Tawa kecil Reyhan terdengar menggoda. “Baiklah, pergilah mandi dulu,” ujarnya dengan senyum di wajah. “Bajumu yang kemarin masih ada di lemari.”
Sabrina mengangguk, bergegas bangkit, lalu melilitkan selimut untuk menutupi tubuhnya sebelum menuju kamar mandi. Gerakan canggung dan cepatnya itu membuat Reyhan hanya bisa terkekeh, merasa gemas melihat cara Sabrina mencoba mempertahankan kesopanannya.
Setelah Sabrina selesai mandi, giliran Reyhan yang menuju kamar mandi. Sambil menunggu, Sabrina memutuskan untuk keluar dan menyiapkan sarapan untuk mereka berdua. Ia melangkah ringan menuju dapur, namun ketika sampai, sesuatu yang tak terduga terjadi.
Sabrina tertegun. Di depan matanya, ada seorang perempuan lain yang tengah sibuk di dapur, tampak sangat nyaman dengan apa yang dilakukannya. Keduanya saling menatap terkejut, mata mereka membulat dalam kebingungan.
“Siapa kau?!” seru mereka bersamaan, suara penuh kejutan dan sedikit kebingungan.
“Aku Diana. Siapa kau, dan mengapa ada di sini?” tanya perempuan itu dengan nada tegas, membuat Sabrina semakin bingung. Diana? Sejak kapan apartemen Reyhan dihuni oleh perempuan lain?
“Aku…” Sabrina tak sempat menjawab ketika tiba-tiba sepasang tangan hangat memeluknya dari belakang. Reyhan muncul, dengan tawa kecil di sudut bibirnya. “Ini Sabrina, kekasihku,” katanya santai, seolah situasi ini bukanlah hal yang mengejutkan.
Sabrina membeku sejenak, mencoba mencerna situasi, sementara Reyhan melanjutkan, “Maaf jika membuatmu terkejut, Sabrina. Ini Diana, adikku.”

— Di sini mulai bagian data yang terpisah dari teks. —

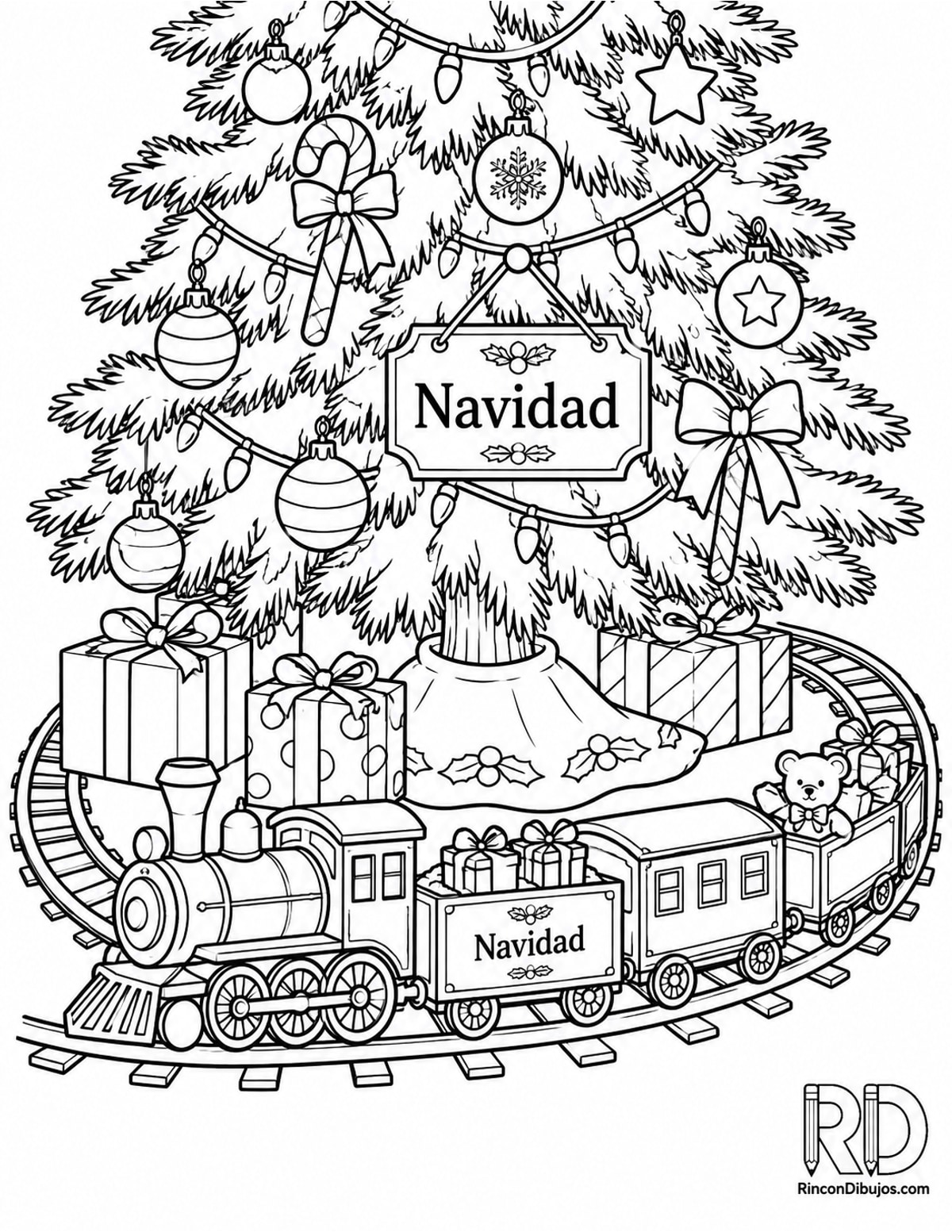 Dibujo de tren de Navidad para colorear Dibujo de tren de Navidad para colorear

“Oh…,” hanya itu yang bisa keluar dari mulut Sabrina. Diana adalah adik Reyhan? Mengapa ia tidak pernah mendengar tentang hal ini sebelumnya?
“Dan, Diana, ini Sabrina, yang memberikanmu beasiswa,” lanjut Reyhan dengan nada bangga.

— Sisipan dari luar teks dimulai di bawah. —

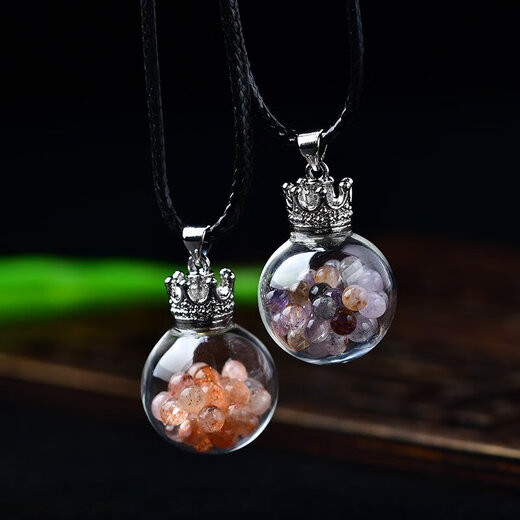 Peridot pendant for men, natural crystal gravel ornaments, blue turquoise aurora wishing bottle for men, peridot gravel style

“Beasiswa?” Sabrina mengernyit, bingung dengan apa yang dimaksud Reyhan.
Reyhan tersenyum. “Di perusahaan kita ada program beasiswa gratis, ingat? Aku mendaftarkan adikku kemarin. Nilainya memenuhi syarat, dan dia lolos seleksi.”

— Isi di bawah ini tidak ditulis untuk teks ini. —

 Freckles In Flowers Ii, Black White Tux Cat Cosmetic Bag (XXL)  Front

“Oh…,” Sabrina mulai mengerti. Tapi sebelum ia bisa mengatakan lebih, Diana memotong dengan penuh semangat, “Terima kasih! Program itu sangat membantu! Aku janji akan menjadi mahasiswa berprestasi.” ucap Diana dengan sangat bersemangat.
Sabrina hanya bisa tersenyum, meski dalam hatinya masih sedikit terkejut dengan seluruh kejadian ini. Hari yang dimulai dengan dekap hangat Reyhan berakhir dengan kejutan tak terduga dari keluarganya yang belum pernah ia tahu sebelumnya.